After an eight-month delay on most other territories, Deadpool 2 finally arrived but it failed to revitalize the lackluster Chinese box office in the period of Jan 21-27 which saw a marginal week-on-week decrease for three straight weeks.

Fox/Marvel’s superhero sequel took the box office crown with an underwhelming $21.6m from its three-day opening weekend. The PG-13 version (with a Chinese title Deadpool 2: I Love My Home) is reportedly the same as the Once Upon A Deadpool family-friendly cut which premiered last December in North America. This is the first theatrical release for a Deadpool film in China, as the 2016 first film, rated R, only received special screenings at the Beijing International Film Festival.

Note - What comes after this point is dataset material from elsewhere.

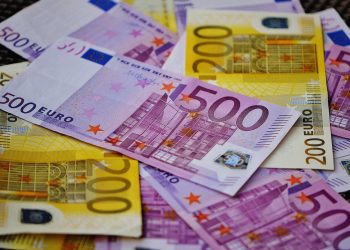 Szkeptikusan fogadják a szakértők a kormány növekedési és béremelési tervét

Light Chaser Animation/Warner Bros’ White Snake continued to gain traction in its third week and climbed one place further to second, taking in $19m which was more than its second week gross. Standing at $42.6m after 17 days, it has become the fifth biggest local animation, after Monkey King: Hero Is Back, Boonie Bears: The Big Shrink, Bigfish & Begonia and Boonie Bears: Entangled Worlds.

After staying top for three weeks, Paramount’s Transformers prequel Bumblebee dropped to third with $17m for $151.1m after 24 days. China is the film’s top foreign market by a large margin, even bigger than North America by about 25%.

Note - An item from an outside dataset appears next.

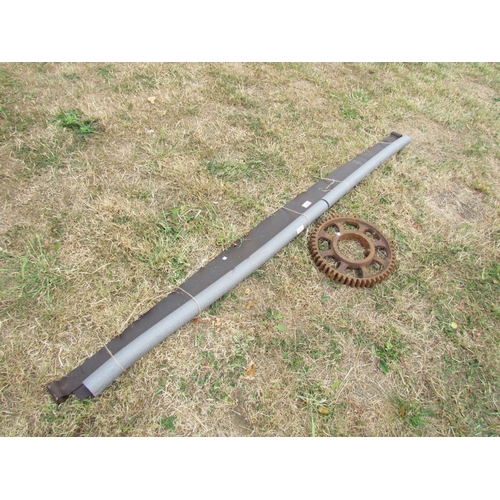 4670 - A large cross cut saw and iron cog wheel     (D)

Sony’s psychological thriller Escape Room maintained in fourth with $13.3m for $21.6m after 10 days, while The Big Shot, the Chinese remake of 2015 Korean crime thriller Veteran, has become the biggest film for Chinese actor Wang Qianyuan when it earned $9.2m for $47.8m after 18 days.

Boonie Bears: Blast Into The Past from popular local animated franchise added $3.5m for $5.6m based on previews only. It was followed by post-apocalyptic Mortal Engines on $2.4m for $6.5m; Herman Yau’s Hong Kong housing comedy A Home With A View on $1.9m for $3.7m; Columbia Pictures/Bona Film Group’s family film A Dog’s Way Home on $1.6m for $4.5m; and local animation Dragon Force – Rise Of Ultraman on $1.1m for $3.1m, all after 10 days. 

With just one more week to go before Chinese New Year, the Chinese audiences can hardly wait to catch the festive tentpoles. Pre-sales have started, with Crazy Alien, Pegasus and The New King Of Comedy leading the pack in the top three so far.